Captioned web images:
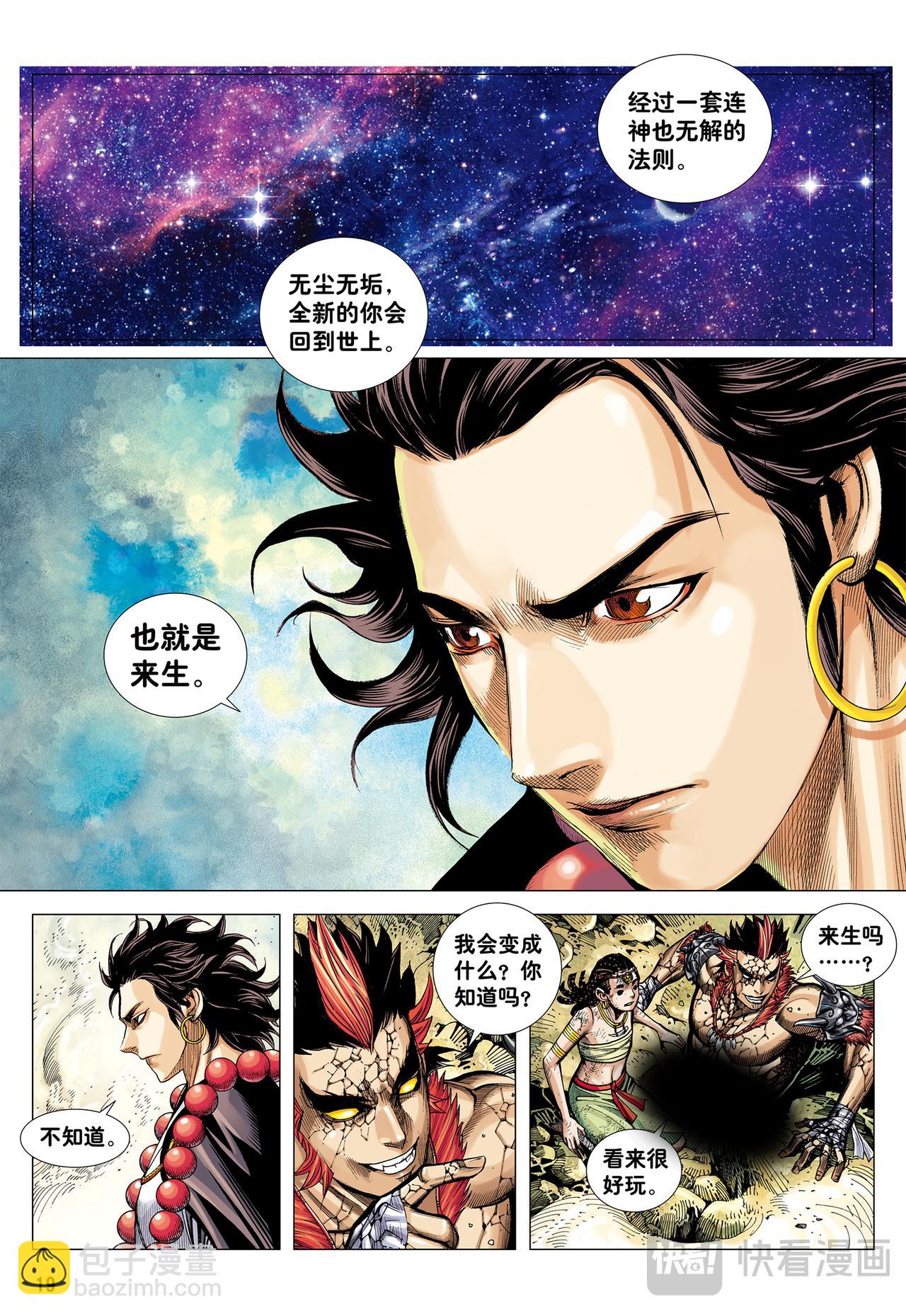 奇猿闪逝-第6话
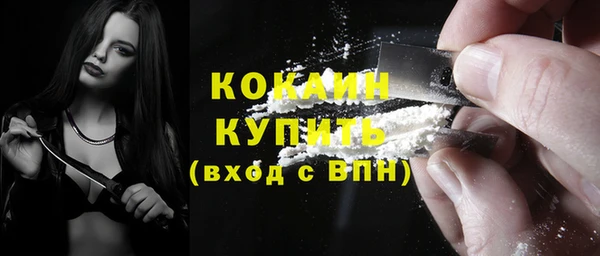 COCAINE Алзамай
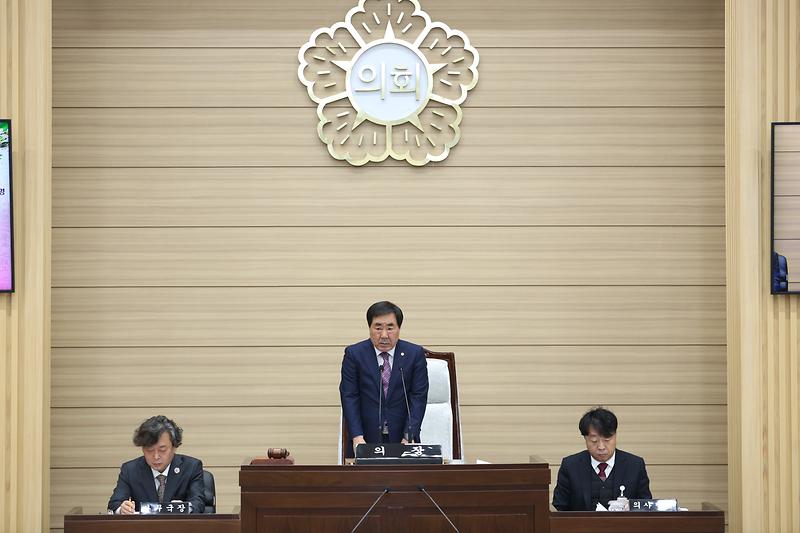 2020.4.20.보도자료(제236회_서구의회_임시회_개회).jpg 이미지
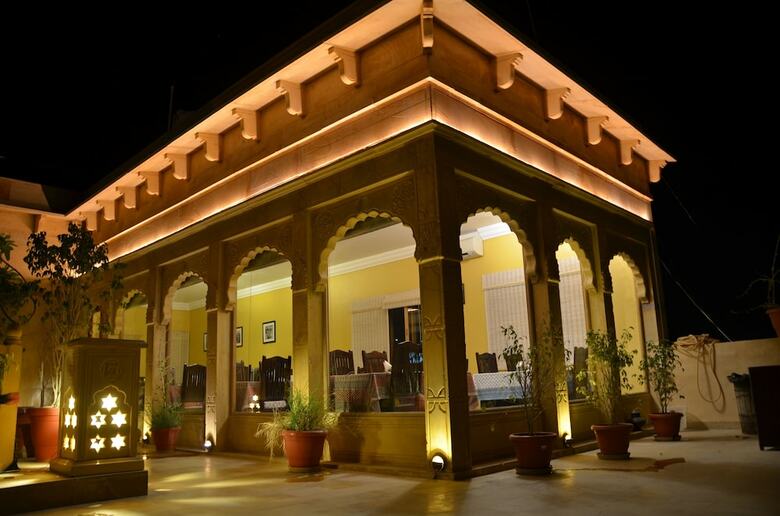 Hotel The Gulaal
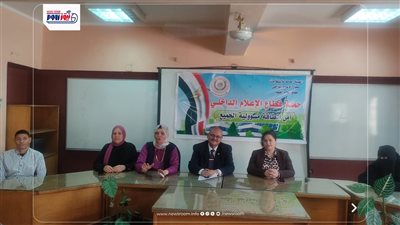 إعلام الفيوم يعقد حلقة نقاشية بعنوان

## What you need to do
This task calls for the lines from the line holding "2020.4.20.보도자료" through the last line above, restated word for word with both ends included and the pictures dropped.

## Output below
 2020.4.20.보도자료(제236회_서구의회_임시회_개회).jpg 이미지
 Hotel The Gulaal
 إعلام الفيوم يعقد حلقة نقاشية بعنوان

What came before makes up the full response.